The novel ends on page 666, which in the New Testament is the Number of the beast. Knausgård says that this was completely accidental. His brother who type set the book told him in a text message that the book was 666 pages long. Knausgård described his reaction to this as: "OK, that's like a sign from the book itself, completely accidentally. It was like, that was what it's ended up as."

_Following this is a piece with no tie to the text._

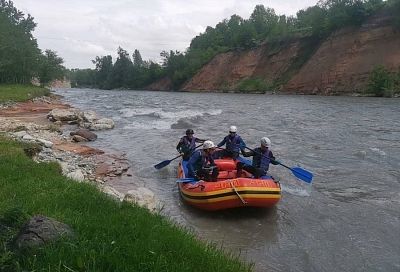 Спасатели Адыгеи продолжают поиски упавшего в горную реку туриста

==Publication and accolades==
Morgenstjernen was published 18 September 2020 in Norway, in November 2020 in Denmark and in early 2021 in Sweden (as Morgonstjärnan) to great critical acclaim in both countries.
 It was nominated to the Norwegian Bokhandlerprisen in 2020. The novel was sold in advance to fifteen other countries. An English translation with the title The Morning Star was published by Penguin Random House in September 2021. It was subsequently listed by The New York Times as one of the notable books of 2021. In 2023, it was nominated for the Dublin Literary Award.

==Critical reception==
While being positively received in Scandinavia, the English translation of The Morning Star has received mixed reviews. Dwight Garner of The New York Times found it a "somewhat programmatic novel of ideas. Knausgaard chews on notions of faith, free will, the transmigration of souls, the nature of angels, on meaning and nothingness in Kierkegaard and Nietzsche and Rilke's poetry ... Knausgaard is among the finest writers alive, yet there is something cramped about his work when he approaches ideas straight on, instead of obliquely ... Here the earnest wrestling is with how we think about mortality. At certain moments you sense he is in close contact with all the oldest and deepest wisdom; at other moments, the stream runs shallow".

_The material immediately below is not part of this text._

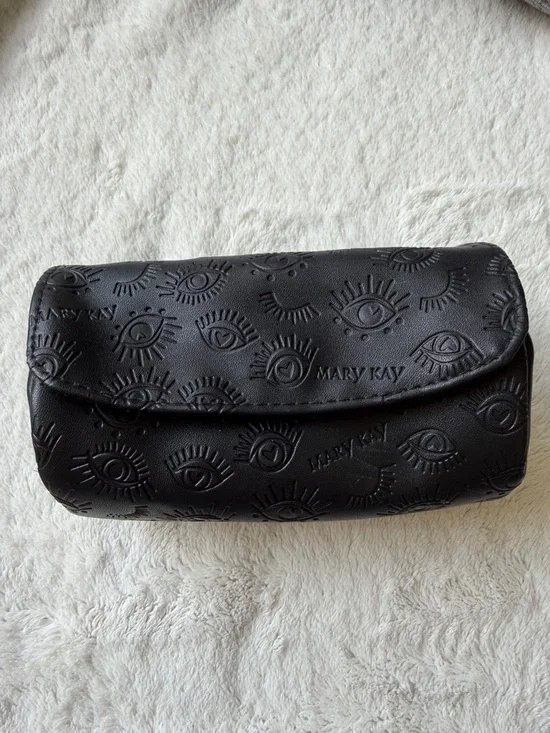🎀 5 for $25 🎀. Mary Kay cosmetic bag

In a rave review in Los Angeles Times, Charles Arrowsmith said that the novel "reveals itself to be the evil twin of My Struggle. It's an uncanny, polyphonous, diabolical work that gives Knausgaard's brand of banal realism a mythical-fantastical twist". Similarly positive, Brandon Taylor of The New Yorker called it "a secular, superstitious novel in the spirit of Bolaño's 2666 or The Savage Detectives", while The Observers Andrew Anthony said that Knausgård is "one of the few writers who can move effortlessly and unembarrassedly between profundity and cliche, as though trying to show us that one is no truer than the other. In The Morning Star, there’s no shortage of both, and plenty of everything else. It’s a shaggy dog story full of loose ends and narrative flaws, but it has that beguiling, elusively compulsive quality that Knausgaard seems to have made his own."

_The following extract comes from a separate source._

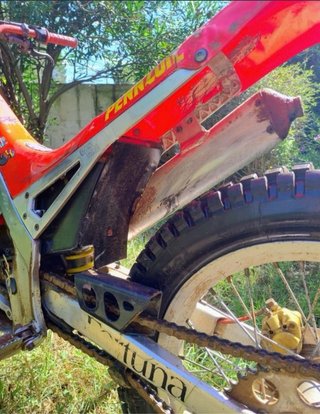 Moto de trial gas gas txt roja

Negatively, Sam Byers of The Guardian found that "Its failure is total and totalising. This is not an idea that has fallen apart in the execution, it's a novel that dreams of having an idea, a novel that, over hundreds of pages, seeks meaning in everything from the boiling of an egg to the passing of a soul into the afterlife, only to come back empty-handed ... It's a cruel irony. Knausgård is known, most of all, for his willingness to bare himself. Now, just as he excises his semi-mythological persona from his work, he stands unflatteringly revealed. Once exhaustive, he is now simply exhausted."

==Adaptation==
The Morning Star has been adapted for the stage by the Slovenian writer Goran Vojnović. It premiered at Ljubljana Slovene National Drama Theatre on 7 October 2023, directed by Ivica Buljan.

In January 2026, an opera adaptation opened at the Finnish National Opera with book by Gunilla Hemming and music by Sebastian Fagerlund.